Affects Version/s: None
Fix Version/s: None
I think Query.rewrite(IndexReader) should be generalized a bit to enable users to customize the rewrite process outside of the Query classes (i.e. without having to create a custom Query just to implement rewrite). This could be as simple as having rewrite accept a QueryRewriter parameter that has a method that accepts a Query to be rewritten. Only this method would call rewrite on any given Query. And given very few spots actually use the IndexReader arg, we could even remove that as a parameter and add a getter to QueryRewriter (which is allowed to return null). Or create a subclass e.g.
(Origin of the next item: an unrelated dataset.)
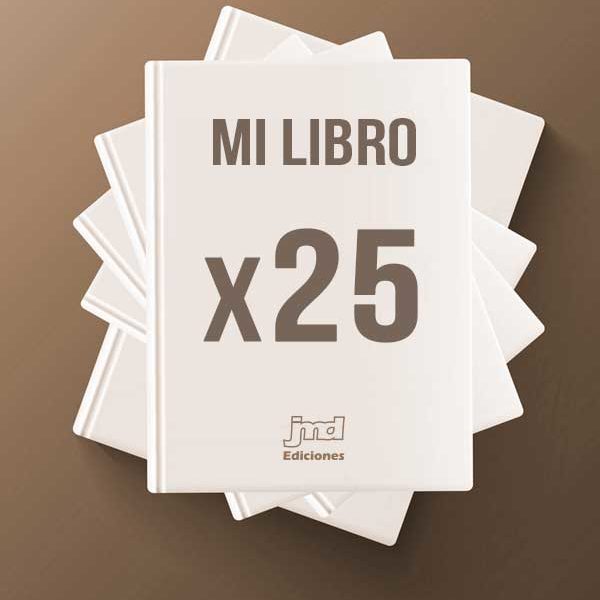 JMDediciones-x10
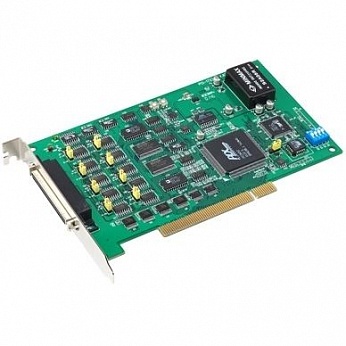 PCI-1723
QueryRewriterWithIndexReader if some prefer casting; debatable.
Today, users have to hard-code Lucene class names with related logic for each one. This is obviously annoying/tedious, and brittle as Lucene adds to queries, and tends to be duplicative. Examples of why an app might want to rewrite a query:
- to replace position-sensitive queries that are not already SpanQuery's with their SpanQuery equivalent. This is useful in highlighting – Luwak's SpanRewriter does this.
- to simplify BooleanQuery's to a canonical form, or other canonicalization such as BoostQuery boost of 1. The point is to simplify or strengthen the accuracy of query examination logic for whatever further purpose (e.g. routing a query for an optimization).
- to replace one field for another
- to "fix" pure negative queries so that they work (by adding a MatchAllDocs query). I'm surprised we still live with this.
- to relax a query that doesn't match to a looser one that does (e.g. manipulate minimumNumberShouldMatch) without re-parsing the query. Granted re-parsing affords using different analysis or other strategies.
- to make it easier to use a Lucene Query class as a base class during query parsing/building. You could rewrite to strip out/replace only the AST nodes and leave the real Lucene Queries as-is.
LUCENE-3041 is addressed (generic Query visitor) a customizable rewrite would allow a generic query visitor using a QueryRewriter that doesn't actually rewrite anything. It's a little abusive as it's doing wasted work and no rewrite is actually occurring, but I think the overhead needn't be that much and such a use-case might even special-case BooleanQuery in particular to lower the overhead further. Basically for known many-child aggregator Query classes, customize to simply delegate.